Cora E. Sherman was my 2nd great-grandmother. She had at least five brothers and sisters, of which she was the third born. Addie was the oldest, born about 1868. William was born the following year and Cora was born in 1872. Carrie was born in 1873, Adelbert was born in 1876, Christina was born in 1874, and Anna, also known as Annie, was born about 1878.
They were the children of James Sherman and Amy Dow (McDowell) Sherman. The family was counted on the census of 1870 in Ledyard, Cayuga County, New York. At the time, there were only two children in the home.
In 1880, they were still living in Ledyard. Four more children had been born in the previous decade.
Ledyard is a small town of a little over 48 square miles, on the east shore of Cayuga Lake. It was founded in 1823 from part of Scipio. The southern part of Ledyard was part of the Central New York Military Tract and the northern part was part of the Cayuga Indian Reservation. In fact, James Sherman's mother, Eleanor Sparks (or Spore), was said to have been Native American, and may have been affiliated with this tribe.

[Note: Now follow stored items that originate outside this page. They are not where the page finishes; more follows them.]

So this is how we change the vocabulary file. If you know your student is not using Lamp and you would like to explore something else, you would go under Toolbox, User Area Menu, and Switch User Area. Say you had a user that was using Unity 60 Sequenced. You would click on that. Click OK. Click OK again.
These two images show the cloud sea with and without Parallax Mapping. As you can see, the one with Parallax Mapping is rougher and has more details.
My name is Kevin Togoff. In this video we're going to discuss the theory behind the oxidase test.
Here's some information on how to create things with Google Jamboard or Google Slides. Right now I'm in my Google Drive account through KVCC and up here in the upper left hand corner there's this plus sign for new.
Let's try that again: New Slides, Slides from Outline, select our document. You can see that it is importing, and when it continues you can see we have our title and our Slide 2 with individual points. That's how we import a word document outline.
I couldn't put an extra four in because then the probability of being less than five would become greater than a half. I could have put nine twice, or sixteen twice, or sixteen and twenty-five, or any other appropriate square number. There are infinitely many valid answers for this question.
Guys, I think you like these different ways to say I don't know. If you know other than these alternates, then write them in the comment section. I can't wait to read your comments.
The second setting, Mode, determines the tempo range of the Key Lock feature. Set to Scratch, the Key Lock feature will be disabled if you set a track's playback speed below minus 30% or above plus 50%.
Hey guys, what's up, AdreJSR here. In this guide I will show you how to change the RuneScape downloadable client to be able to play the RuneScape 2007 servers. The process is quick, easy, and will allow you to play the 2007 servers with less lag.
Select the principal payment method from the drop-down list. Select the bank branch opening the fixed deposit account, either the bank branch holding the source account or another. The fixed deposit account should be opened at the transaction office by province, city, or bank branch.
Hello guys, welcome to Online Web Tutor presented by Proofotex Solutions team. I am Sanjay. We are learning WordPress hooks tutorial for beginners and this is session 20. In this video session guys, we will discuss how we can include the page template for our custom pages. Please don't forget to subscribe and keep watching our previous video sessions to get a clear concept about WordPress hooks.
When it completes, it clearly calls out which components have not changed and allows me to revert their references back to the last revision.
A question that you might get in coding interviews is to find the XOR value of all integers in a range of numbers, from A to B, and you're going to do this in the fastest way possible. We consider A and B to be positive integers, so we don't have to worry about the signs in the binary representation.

Notable historic sites in Ledyard include the North Street Friends Meetinghouse, which may contain some family burials. Levana is a hamlet in Ledyard and Aurora is a village in Ledyard, where the Wells family of the Wells-Fargo banking empire lived. The population of Ledyard in 1880 was 2,199, but in 2010 only 1,886 people were counted on the census there.
Sadly, Amy, the mother of these children died on April 20, 1886, at the age of about 47, and the fate of James, their father, is unknown. What is known is that the children were orphaned and the family was broken up. So, where did the children go?
Well, eight months after Mrs. Sherman died, on December 20, 1886, Cora married Lewis Leonard in Moravia. Cora was only about 14 years old and Lewis was about 16. They were my 2nd great-grandparents. In 1892, their new family was living about 15 miles southeast of Ledyard, in Summerhill, Cayuga County. Cora's 17-year old brother, Bert, was living with them and Lewis and Cora already had three children. My great-grandfather, Albert, wasn't born until 1894 and a few years later, in 1897, Lewis died of Typhoid Fever, leaving Cora in similar circumstances, perhaps, as her mother. Cora also died young, at the age of 42.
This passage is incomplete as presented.